> _TASK DETAILS_
Set down without change every line from the line that contains "this 320×240 image." through the end of the listing, and only those lines. No pictures.

(Beginning of RECORD EXCERPTS)

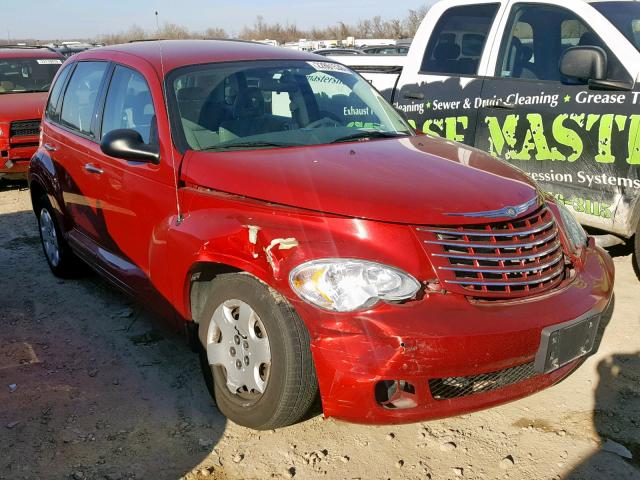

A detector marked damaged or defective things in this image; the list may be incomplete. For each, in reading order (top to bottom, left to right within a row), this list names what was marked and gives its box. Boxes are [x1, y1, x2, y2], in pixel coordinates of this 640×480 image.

cracked headlight [552, 201, 588, 251]
cracked headlight [288, 258, 420, 312]
damaged front bumper [296, 244, 616, 424]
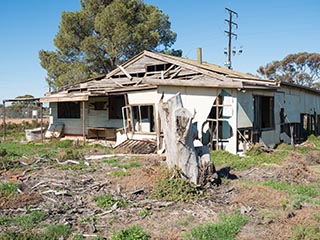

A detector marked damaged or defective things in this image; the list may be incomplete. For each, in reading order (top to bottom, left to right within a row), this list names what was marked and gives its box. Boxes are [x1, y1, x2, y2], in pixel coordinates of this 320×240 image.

broken window [57, 102, 80, 119]
broken window [109, 94, 125, 119]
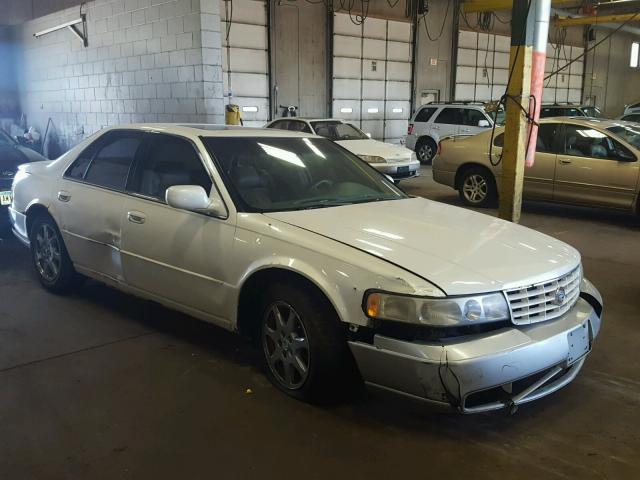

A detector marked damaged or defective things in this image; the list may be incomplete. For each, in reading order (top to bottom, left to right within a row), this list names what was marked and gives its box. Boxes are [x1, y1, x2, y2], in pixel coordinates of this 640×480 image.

damaged front bumper [348, 278, 604, 412]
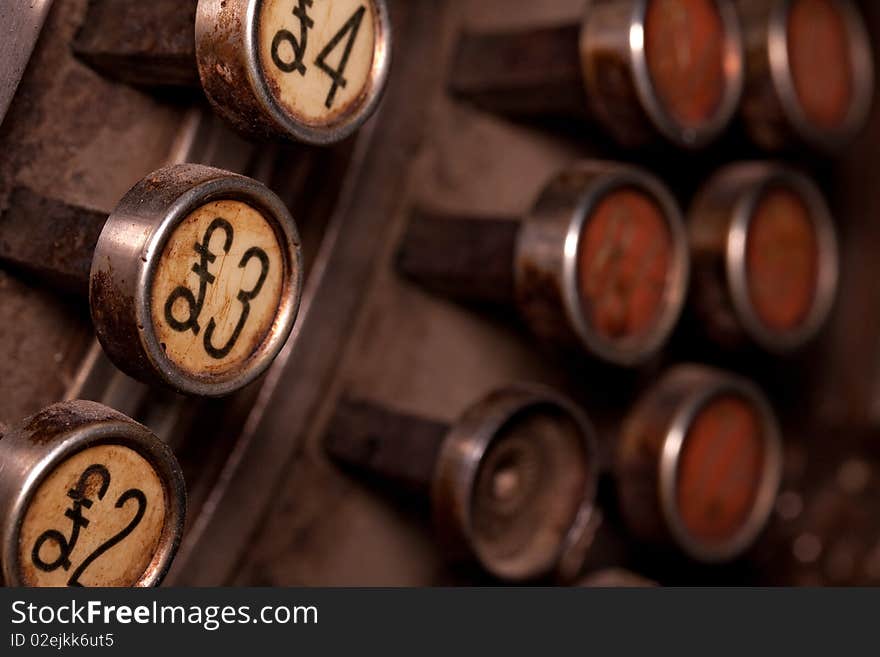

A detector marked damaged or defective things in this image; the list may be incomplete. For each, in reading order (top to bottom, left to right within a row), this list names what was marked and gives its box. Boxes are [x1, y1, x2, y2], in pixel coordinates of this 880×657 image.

rusty metal button [73, 0, 392, 144]
rusty metal button [450, 0, 744, 149]
rusty metal button [736, 0, 872, 149]
rusty metal button [0, 167, 304, 398]
rusty metal button [400, 159, 696, 364]
rusty metal button [688, 161, 840, 352]
rusty metal button [0, 400, 186, 584]
rusty metal button [324, 384, 600, 580]
rusty metal button [616, 366, 780, 560]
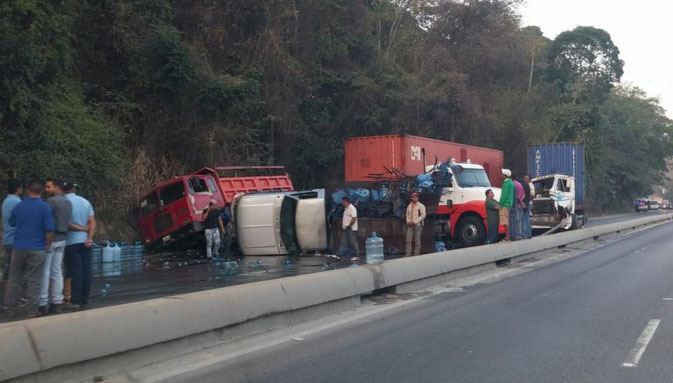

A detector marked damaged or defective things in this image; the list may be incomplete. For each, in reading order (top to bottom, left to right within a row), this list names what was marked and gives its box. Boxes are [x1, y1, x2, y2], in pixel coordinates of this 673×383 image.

crashed truck cab [426, 160, 498, 248]
crashed truck cab [532, 175, 584, 231]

(End of RECORD EXCERPTS)

> _RESPONSE BOX_
A detector marked damaged or defective things in this image; the list may be incomplete. For each, in reading order (top to bottom, left to right within a row), this list names what was marked and gives its box. Boxes are [x1, y1, x2, y2], in pixel coordinates of this 320×240 image.

broken window [57, 102, 80, 119]
broken window [109, 94, 125, 119]

A detector marked damaged or defective things in this image; the list may be incomplete. For each, in reading order (top to bottom, left to right within a row), this list names what was marked and gives its box. Boxes are [x1, y1, x2, y2], in pixel coordinates of this 640×480 image.

damaged front bumper [348, 278, 604, 412]

A detector marked damaged or defective things in this image; the list may be incomplete. For each, in reading order (top to bottom, left to right within a row), this list names what was marked and gives its box. Boxes are [x1, y1, x2, y2], in pixel coordinates of this 880×657 image.

rusty metal button [73, 0, 392, 144]
rusty metal button [450, 0, 744, 149]
rusty metal button [736, 0, 872, 149]
rusty metal button [0, 167, 304, 398]
rusty metal button [400, 159, 696, 364]
rusty metal button [688, 161, 840, 352]
rusty metal button [0, 400, 186, 584]
rusty metal button [324, 384, 600, 580]
rusty metal button [616, 366, 780, 560]

A detector marked damaged or defective things in this image; the list may be incomplete. For each, in reading order (top to bottom, left to right within a row), this list names what was marked and gives its box. Boxes are [x1, y1, x2, y2], in pixel coordinates of this 673×383 image.

crashed truck cab [426, 160, 498, 248]
crashed truck cab [532, 175, 584, 231]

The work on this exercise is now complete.